Start of Block

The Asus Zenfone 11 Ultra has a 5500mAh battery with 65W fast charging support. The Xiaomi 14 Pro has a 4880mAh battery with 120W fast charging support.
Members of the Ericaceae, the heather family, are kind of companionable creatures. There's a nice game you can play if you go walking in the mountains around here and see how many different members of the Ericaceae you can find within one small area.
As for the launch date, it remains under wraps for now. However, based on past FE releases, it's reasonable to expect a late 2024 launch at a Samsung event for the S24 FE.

End of Block
Start of Block

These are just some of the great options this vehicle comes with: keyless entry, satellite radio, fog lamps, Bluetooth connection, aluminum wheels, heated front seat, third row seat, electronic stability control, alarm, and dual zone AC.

End of Block

_WHAT TO PRODUCE_: Could you reproduce exactly the lines of the entries above, from the one with "Members of the Ericaceae, the" through the one with "As for the launch", and nothing else?

_THE COMPLETED TASK_:
Members of the Ericaceae, the heather family, are kind of companionable creatures. There's a nice game you can play if you go walking in the mountains around here and see how many different members of the Ericaceae you can find within one small area.
As for the launch date, it remains under wraps for now. However, based on past FE releases, it's reasonable to expect a late 2024 launch at a Samsung event for the S24 FE.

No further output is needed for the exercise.